Task item: Reproduction of part of the material below, pictures omitted: copy exactly, and only, the lines starting with the one with "1 Stück Rundzange Schmuckzange, schwarz-rot" and going on through the one with "image for item".

Record set:

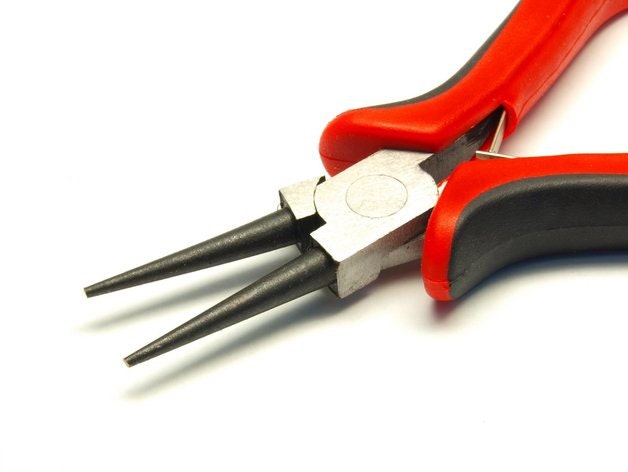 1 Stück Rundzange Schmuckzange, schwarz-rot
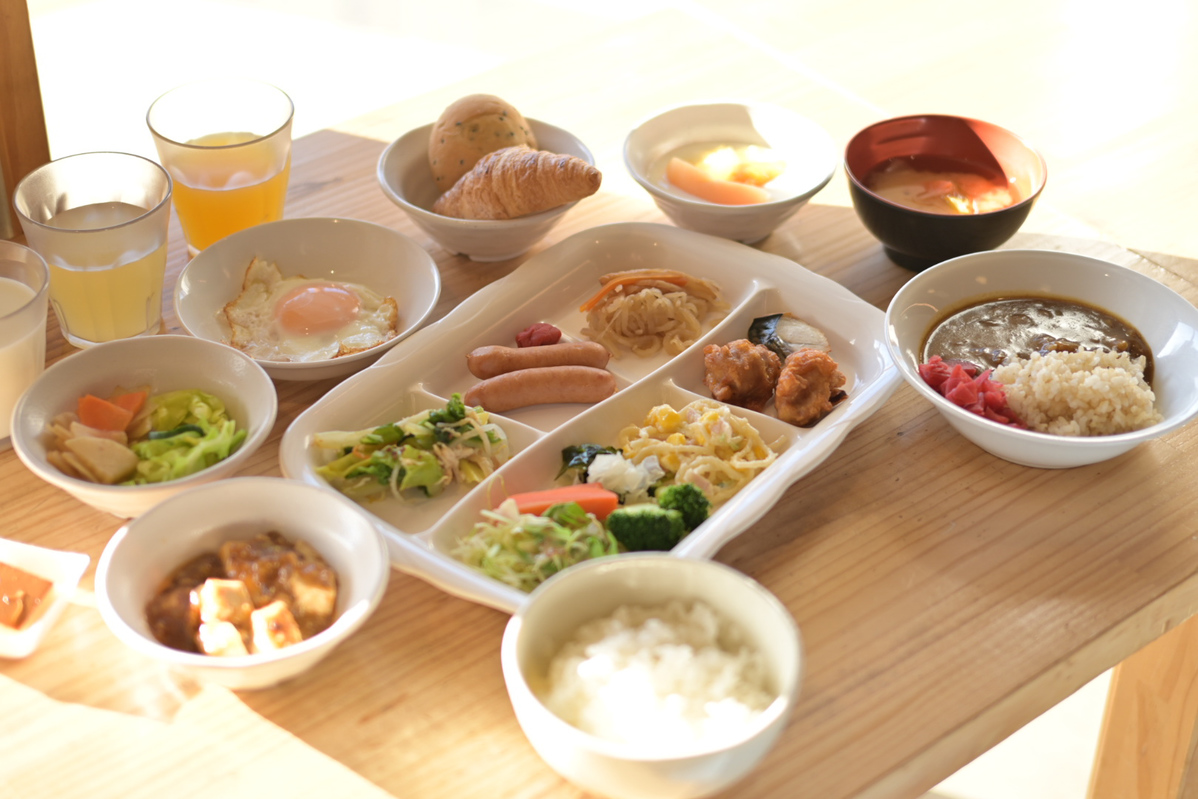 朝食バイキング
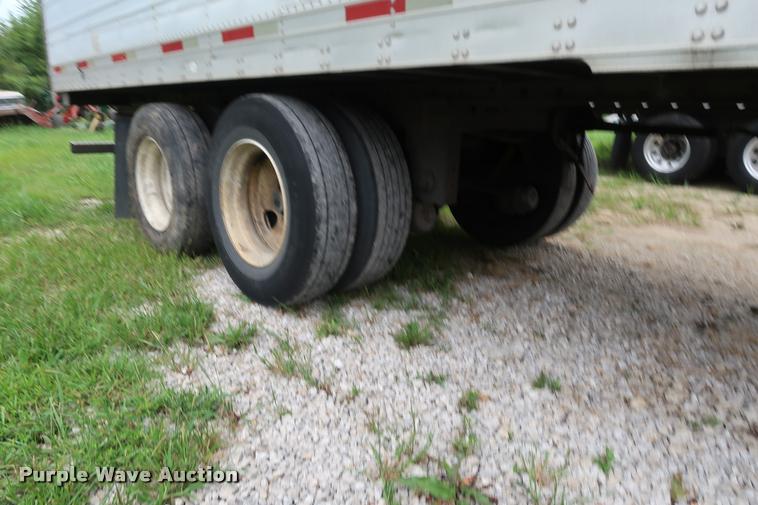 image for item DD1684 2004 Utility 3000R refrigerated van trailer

...

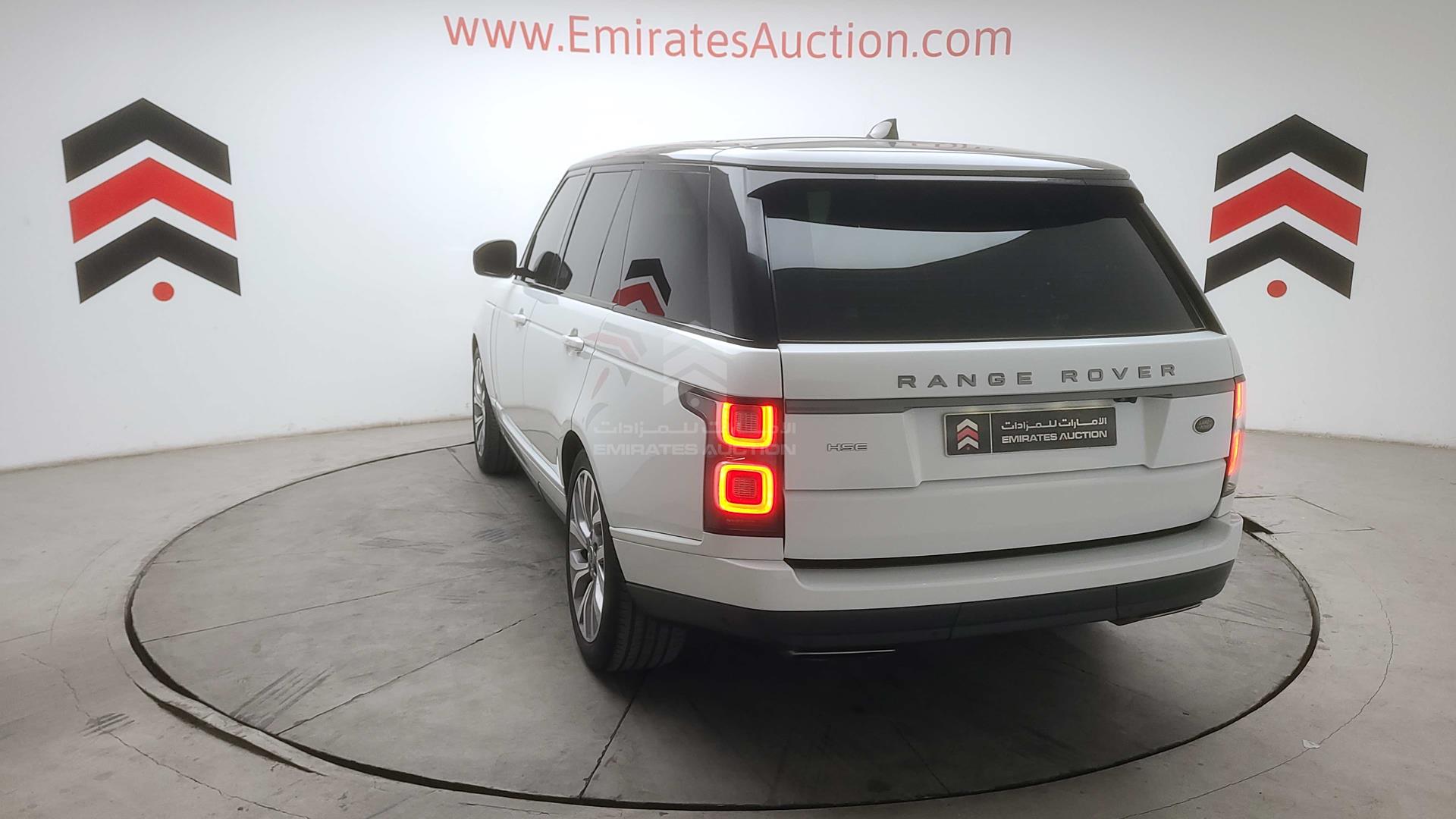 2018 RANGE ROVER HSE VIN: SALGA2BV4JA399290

Exercise solution:
 1 Stück Rundzange Schmuckzange, schwarz-rot
 朝食バイキング
 image for item DD1684 2004 Utility 3000R refrigerated van trailer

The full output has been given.